Just before the New Year, the two squeezed in a second date, during which they rode through Texas Hill Country in his convertible with the top down. Before the drive came their first kiss. They also, as Mr. Rustagi put it, “went through the list,” discussing “kids, religion and spirituality.” On everything, they were aligned.
Soon after, they became exclusive. She introduced him to her small church group, and on Valentine’s Day in 2020, they went to a performance of Balanchine’s “Rubies” by Ballet Austin.
As Covid set in, the couple created what they both referred to as a “pandemic bubble” and spent time at each other’s homes. Mr. Rutsagi, who is Indian on his paternal side, often cooked his specialty, chicken with Indian spices, on his two-by-four-foot balcony.

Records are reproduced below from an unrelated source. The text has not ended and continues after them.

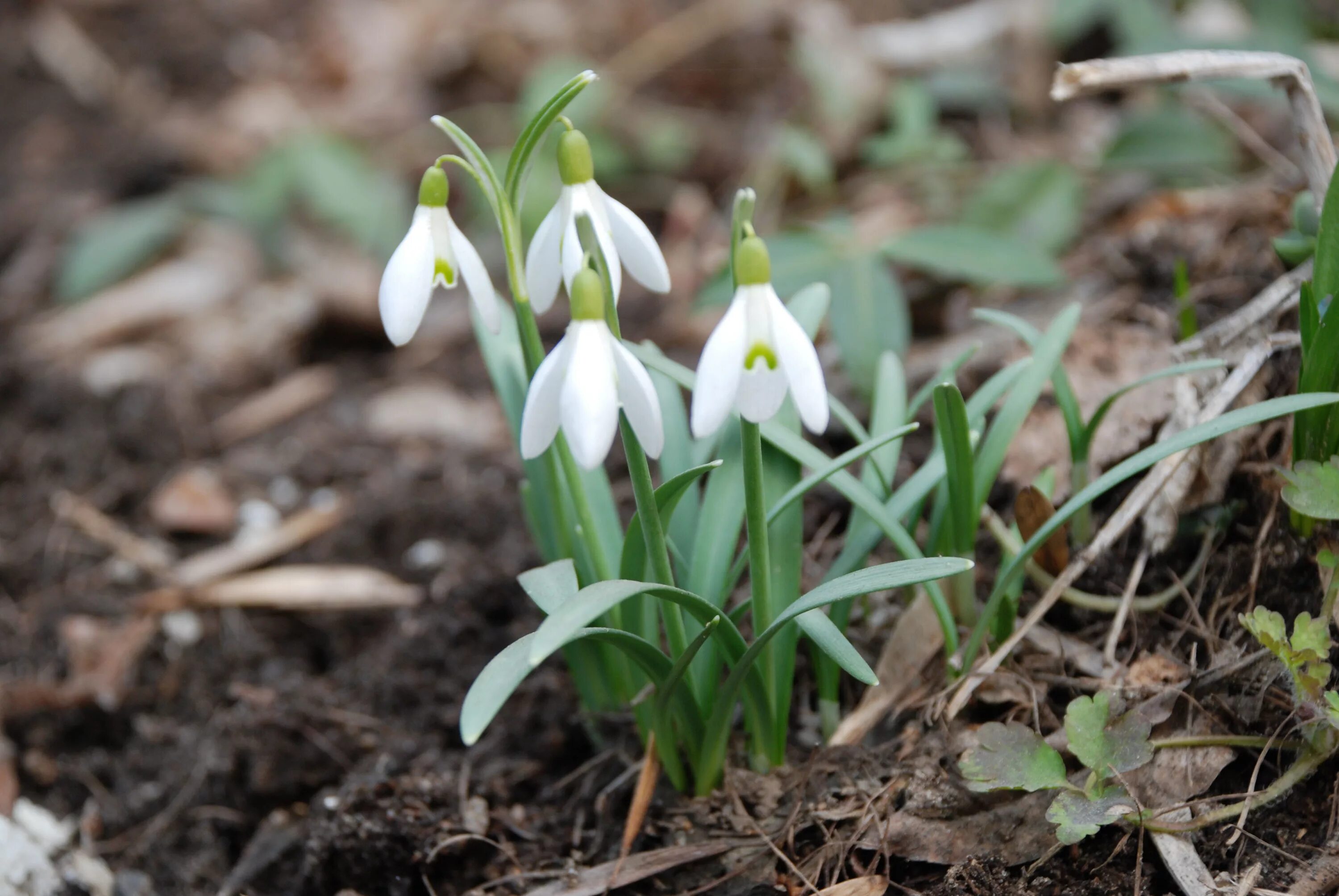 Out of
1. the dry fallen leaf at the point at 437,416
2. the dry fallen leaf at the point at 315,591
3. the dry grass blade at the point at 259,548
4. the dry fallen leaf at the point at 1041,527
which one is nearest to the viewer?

For her birthday that May, he made her a chocolate cake, and played her “Katelyn’s Song,” which he wrote for the occasion. The next day, each told the other “I love you.”
A proposal came in August 2021, while the two were on a nature walk in Austin’s Mayfield Park. When Mr. Rustagi got down on one knee near a 150-year old cypress tree that overlooked the Colorado River, Ms. Yearly knelt to hug him, said “yes” and handed him a card.
In it, she had written, “I think you might propose today,” along with a quote from the Bible’s Song of Solomon: “I have found the one whom my soul loves.”
On March 6, they were married at Wish Well House, an event space in Georgetown, Texas. The Rev. Larry Coulter, the pastor of Lakeway Church in Lakeway, Texas, officiated before 180 guests, all of whom were asked to take rapid Covid tests before the event.
At the ceremony, the flower girl, one of the bride’s ballet students, danced up and down the aisle to Mendelssohn’s “A Midsummer Night’s Dream.” Later, at the reception, the groom performed a song he wrote for the occasion.
“We will share together the words of our soul,’’ he sang.